→ WHAT YOU ARE ASKED TO DO:
After locating the line with "Slide: The Image", reproduce it and all following lines of the listing below exactly, stopping only at the final line.

→ THE INPUT:
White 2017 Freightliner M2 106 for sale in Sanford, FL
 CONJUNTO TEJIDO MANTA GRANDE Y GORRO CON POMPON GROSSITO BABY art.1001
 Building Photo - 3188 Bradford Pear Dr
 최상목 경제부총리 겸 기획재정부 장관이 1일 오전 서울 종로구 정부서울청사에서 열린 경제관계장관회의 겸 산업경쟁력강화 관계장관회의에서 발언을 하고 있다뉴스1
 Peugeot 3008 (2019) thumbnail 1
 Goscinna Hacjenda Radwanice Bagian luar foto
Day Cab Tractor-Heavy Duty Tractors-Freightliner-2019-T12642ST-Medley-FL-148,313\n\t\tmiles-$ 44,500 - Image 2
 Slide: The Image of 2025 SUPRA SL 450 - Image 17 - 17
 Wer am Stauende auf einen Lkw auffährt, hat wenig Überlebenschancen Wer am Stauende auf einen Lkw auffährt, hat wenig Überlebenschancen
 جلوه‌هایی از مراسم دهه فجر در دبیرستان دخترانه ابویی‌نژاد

→ RESPONSE:
 Slide: The Image of 2025 SUPRA SL 450 - Image 17 - 17
 Wer am Stauende auf einen Lkw auffährt, hat wenig Überlebenschancen Wer am Stauende auf einen Lkw auffährt, hat wenig Überlebenschancen
 جلوه‌هایی از مراسم دهه فجر در دبیرستان دخترانه ابویی‌نژاد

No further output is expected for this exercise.